GIVEN INFORMATION:
*** Block opens ***
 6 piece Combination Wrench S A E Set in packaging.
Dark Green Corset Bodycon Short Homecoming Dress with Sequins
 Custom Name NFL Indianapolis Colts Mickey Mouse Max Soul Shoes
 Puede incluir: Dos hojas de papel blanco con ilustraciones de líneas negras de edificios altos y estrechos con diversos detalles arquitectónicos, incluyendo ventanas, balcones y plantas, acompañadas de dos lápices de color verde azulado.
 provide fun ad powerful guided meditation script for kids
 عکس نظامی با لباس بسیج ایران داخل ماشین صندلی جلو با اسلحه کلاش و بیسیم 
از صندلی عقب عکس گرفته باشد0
*** Block closes ***
*** Block opens ***
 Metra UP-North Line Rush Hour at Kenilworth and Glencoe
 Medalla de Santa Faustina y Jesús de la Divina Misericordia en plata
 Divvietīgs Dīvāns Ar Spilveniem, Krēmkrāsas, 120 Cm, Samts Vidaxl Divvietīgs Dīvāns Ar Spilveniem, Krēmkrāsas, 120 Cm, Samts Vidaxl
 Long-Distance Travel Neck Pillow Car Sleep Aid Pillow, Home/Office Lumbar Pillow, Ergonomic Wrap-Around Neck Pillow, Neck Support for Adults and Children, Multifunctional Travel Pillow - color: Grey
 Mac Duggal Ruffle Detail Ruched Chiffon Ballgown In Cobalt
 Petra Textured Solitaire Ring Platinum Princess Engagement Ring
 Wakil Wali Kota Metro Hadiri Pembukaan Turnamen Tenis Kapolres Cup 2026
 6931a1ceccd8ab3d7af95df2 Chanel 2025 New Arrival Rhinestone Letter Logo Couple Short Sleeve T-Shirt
*** Block closes ***
*** Block opens ***
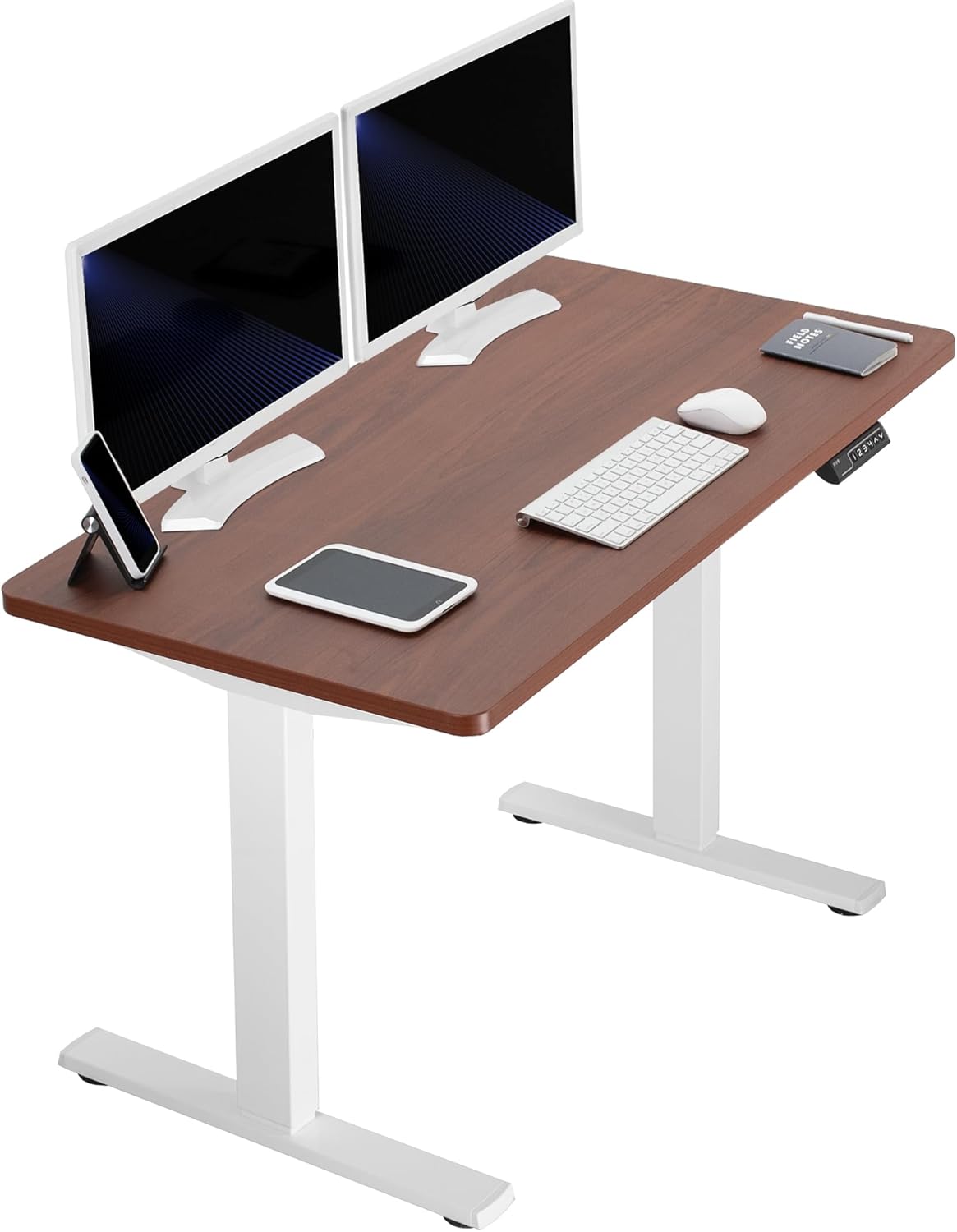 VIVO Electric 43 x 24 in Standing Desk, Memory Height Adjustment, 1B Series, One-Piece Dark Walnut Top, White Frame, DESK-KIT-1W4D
*** Block closes ***
INSTRUCTIONS FOR THE TASK: Look above for the line with "Petra Textured Solitaire" and the line with "6931a1ceccd8ab3d7af95df2 Chanel 2025", and reproduce exactly those two lines plus every line between, nothing more.

PROBLEM SOLUTION:
 Petra Textured Solitaire Ring Platinum Princess Engagement Ring
 Wakil Wali Kota Metro Hadiri Pembukaan Turnamen Tenis Kapolres Cup 2026
 6931a1ceccd8ab3d7af95df2 Chanel 2025 New Arrival Rhinestone Letter Logo Couple Short Sleeve T-Shirt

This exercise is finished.